Uuuuund dann gibt es da eine Sache, die weitaus teurer war als 50,-€ – die aber seit Wochen mein Herz hüpfen lässt. Ich habe mir dieses tolle Reiserad bauen lassen:

Mein altes Rad war nach 25 Jahren und etlichen Reisen (unter anderem über die Schweizer und Französischen Alpen nach Nizza) einfach durch. Es darf jetzt als "Stadtrad" in Rente gehen. 

Für den Bau des neuen Rades habe ich mir über ein Jahr Zeit gelassen.
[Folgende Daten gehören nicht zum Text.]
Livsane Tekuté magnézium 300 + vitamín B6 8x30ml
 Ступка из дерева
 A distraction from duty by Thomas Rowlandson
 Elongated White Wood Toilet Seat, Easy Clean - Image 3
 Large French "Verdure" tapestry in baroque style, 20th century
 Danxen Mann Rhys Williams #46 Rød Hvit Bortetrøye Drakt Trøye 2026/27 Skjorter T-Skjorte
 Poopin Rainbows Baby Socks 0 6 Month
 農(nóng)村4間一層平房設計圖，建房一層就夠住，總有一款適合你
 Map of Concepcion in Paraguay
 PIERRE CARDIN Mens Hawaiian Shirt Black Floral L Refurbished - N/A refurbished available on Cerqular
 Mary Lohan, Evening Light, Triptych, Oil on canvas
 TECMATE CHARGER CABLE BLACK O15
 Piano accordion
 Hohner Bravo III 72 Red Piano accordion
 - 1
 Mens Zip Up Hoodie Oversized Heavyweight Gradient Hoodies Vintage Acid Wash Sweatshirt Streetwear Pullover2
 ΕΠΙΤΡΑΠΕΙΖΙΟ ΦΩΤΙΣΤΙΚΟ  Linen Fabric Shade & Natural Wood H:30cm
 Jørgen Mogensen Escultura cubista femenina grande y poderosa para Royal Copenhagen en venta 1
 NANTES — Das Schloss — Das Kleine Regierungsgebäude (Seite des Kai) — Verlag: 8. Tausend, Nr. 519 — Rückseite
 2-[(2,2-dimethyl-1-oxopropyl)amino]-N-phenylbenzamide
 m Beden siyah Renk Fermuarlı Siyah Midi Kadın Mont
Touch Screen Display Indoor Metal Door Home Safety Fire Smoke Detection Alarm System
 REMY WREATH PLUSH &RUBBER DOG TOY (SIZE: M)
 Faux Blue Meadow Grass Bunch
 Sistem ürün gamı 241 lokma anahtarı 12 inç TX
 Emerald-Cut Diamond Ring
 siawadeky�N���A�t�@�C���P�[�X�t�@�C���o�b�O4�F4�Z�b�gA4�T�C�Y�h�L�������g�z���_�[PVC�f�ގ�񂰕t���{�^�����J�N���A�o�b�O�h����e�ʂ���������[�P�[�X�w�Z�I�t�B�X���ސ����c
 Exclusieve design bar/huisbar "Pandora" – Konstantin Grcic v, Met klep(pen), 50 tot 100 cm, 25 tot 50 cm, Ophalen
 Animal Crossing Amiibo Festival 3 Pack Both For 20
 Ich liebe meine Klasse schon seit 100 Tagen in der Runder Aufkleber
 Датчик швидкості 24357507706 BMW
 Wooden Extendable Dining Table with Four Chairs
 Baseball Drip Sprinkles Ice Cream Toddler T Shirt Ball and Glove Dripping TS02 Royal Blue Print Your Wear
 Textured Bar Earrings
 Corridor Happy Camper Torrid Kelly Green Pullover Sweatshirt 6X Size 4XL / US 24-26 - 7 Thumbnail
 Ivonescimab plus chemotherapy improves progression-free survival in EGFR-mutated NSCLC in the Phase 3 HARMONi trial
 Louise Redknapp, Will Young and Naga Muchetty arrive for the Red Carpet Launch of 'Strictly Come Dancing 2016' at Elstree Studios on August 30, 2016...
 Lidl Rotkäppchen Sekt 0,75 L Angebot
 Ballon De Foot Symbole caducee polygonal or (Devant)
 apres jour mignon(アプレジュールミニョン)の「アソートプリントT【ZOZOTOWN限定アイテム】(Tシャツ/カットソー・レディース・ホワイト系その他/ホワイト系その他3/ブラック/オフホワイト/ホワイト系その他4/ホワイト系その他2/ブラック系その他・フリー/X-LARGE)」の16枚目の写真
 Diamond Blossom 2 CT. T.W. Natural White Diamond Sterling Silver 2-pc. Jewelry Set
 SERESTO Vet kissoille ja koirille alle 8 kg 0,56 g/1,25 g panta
Christian Wongel von Rad am Grün in Marburg hat es mir nach meinen Wünschen zusammengestellt. Und das Warten hat sich wirklich mehr als gelohnt! An meinen Alltag und die Umgebung von Gießen hat sich Waltraud – so heißt mein flotter Renner – schon gewöhnt. Jetzt in meinem Urlaub geht es auf die erste große Fahrt mit Gepäck: Wir fahren von Nesselwang zum Königssee. Nicht über Stock und Stein, aber über sanfte Hügel und auch mal über Schotterwege ... im Gepäck Zelt und Kocher, so dass wir bleiben können wo es uns gefällt! 

Auf der einen Seite versuche nachhaltig zu leben. Wenn es um Konsum und Gebrauchsgüter geht, bedeutet das für mich:

  1. Dinge, die ich schon habe zu reparieren
  2. Dinge, die nicht mehr zu reparieren sind, gebraucht zu kaufen oder zu leihen
  3. Wenn ich Sachen nicht gebraucht bekomme, auf eine nachhaltige Produktion zu achten

Insgesamt versuche ich mein monatliches Einkommen eher für Verbrauchsgüter (gutes Essen, Erlebnisse) auszugeben, als für Gebrauchsgüter.

Auf der anderen Seite gibt es aber auch Sachen/Dinge, die mich sehr lange glücklich und zufrieden machen. Ich habe den Aufbau des Rades miterlebt und aktiv mit gestaltet. Ich habe lange darauf gewartet und viel Vorfreude entwickelt. Ich weiß, dass dieses Rad meinen Alltag die nächsten 20 Jahre erleichtert und meine Freizeit versüßt. Ich freue mich auf Reisen, neue Landschaften und tolle Begegnungen mit Menschen. Ich freue mich auf die Bewegung!